Reading time in Sherreen Sloan’s Fort Meadow preschool class. (PHOTO SUBMITTED)

WESTFIELD – Fort Meadow Early Education Center Principal Joanne Hentnick said the first day of school on Monday, Sept. 28 went very well.

“It was very exciting, so nice to see the children after all this time,” she said, adding that in many ways it was like any other first day. Some children were excited to get in the door, and others were a little reluctant. “There was some crying, but not a lot,” Hentnick said.

Hentnick said there have been a lot of modifications made at the school. Instead of using the front door for arrival and dismissal for example, there are painted paw prints on the playground which are socially distanced. She said they worked with the children to have them stand on the paw prints as they waited to go in.

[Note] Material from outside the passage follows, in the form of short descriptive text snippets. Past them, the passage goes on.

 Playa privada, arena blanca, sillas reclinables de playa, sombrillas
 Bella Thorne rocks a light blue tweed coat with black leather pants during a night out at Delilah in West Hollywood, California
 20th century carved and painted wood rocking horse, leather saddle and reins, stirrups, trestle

She said the second day went even better. “The majority of children wore their masks without any problem. The staff always keep their masks on,” Hentnick said, adding that it’s a skill they will work on. She said if a child needs a mask break, they “absolutely” can get a mask break, and there are places to go where they can take their masks off while socially distanced.

Another change is the morning and afternoon sessions are a half hour shorter, with a break in the middle to thoroughly clean the classrooms. “Two hours go by like a blink of an eye,” Hentnick said.

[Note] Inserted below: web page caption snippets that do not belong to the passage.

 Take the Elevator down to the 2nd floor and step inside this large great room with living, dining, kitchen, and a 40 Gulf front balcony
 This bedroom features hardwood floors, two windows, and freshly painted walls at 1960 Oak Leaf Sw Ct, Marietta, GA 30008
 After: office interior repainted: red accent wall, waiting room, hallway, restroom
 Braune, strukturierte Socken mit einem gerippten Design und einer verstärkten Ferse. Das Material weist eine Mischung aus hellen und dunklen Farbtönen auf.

All the toys in each classroom are divided into baskets. The children have a choice of a play area, such as the block center, where they can set up buildings with blocks, cars and people; or the housekeeping center, which has a stove and sink, with a basket of play dishes and utensils. Hentnick said toys are separated by activity, and once the child is done with that set of toys, it goes into the dirty pile, and gets cleaned in the middle of the day.

Hentnick said more than one child can use a center, for example one child may be playing at the stove, and another child pretending to eat the food. The classrooms are also marked with paw prints. “They’re still playing together, but not next to each other like they used to,” she said.

All the children have their own kit of school supplies to use to draw, paint or play with play-doh, that is kept only for them. “There’s a lot of work that goes into it, but it’s worth it. Children need to play, that’s how they learn,” Hentnick said.

A Fort Meadow student prepares to make “stone soup.” (PHOTO SUBMITTED)

Fort Meadow has also “beefed up” their playground, and the children are spending a lot of time playing outdoors. Westfield Gas & Electric donated big wire spools, which have been painted with roads to play with cars and as chalkboards for drawing. “Children are spending more time outside than ever before,” Hentnick said, adding, “They’re loving it. I had stone soup made for me yesterday. It was delicious, I had the whole pot for myself.”

“It’s a lot of planning. What we really pride ourselves in with our program is teaching children what the expectations are. In order to do that, we use a lot of visual cues. This week and next week, we’ll be teaching them the visual cues,” Hentnick said.

“In reality, when it’s all going on, it just seems like children are playing. They are distanced, without them even thinking about it,” she added.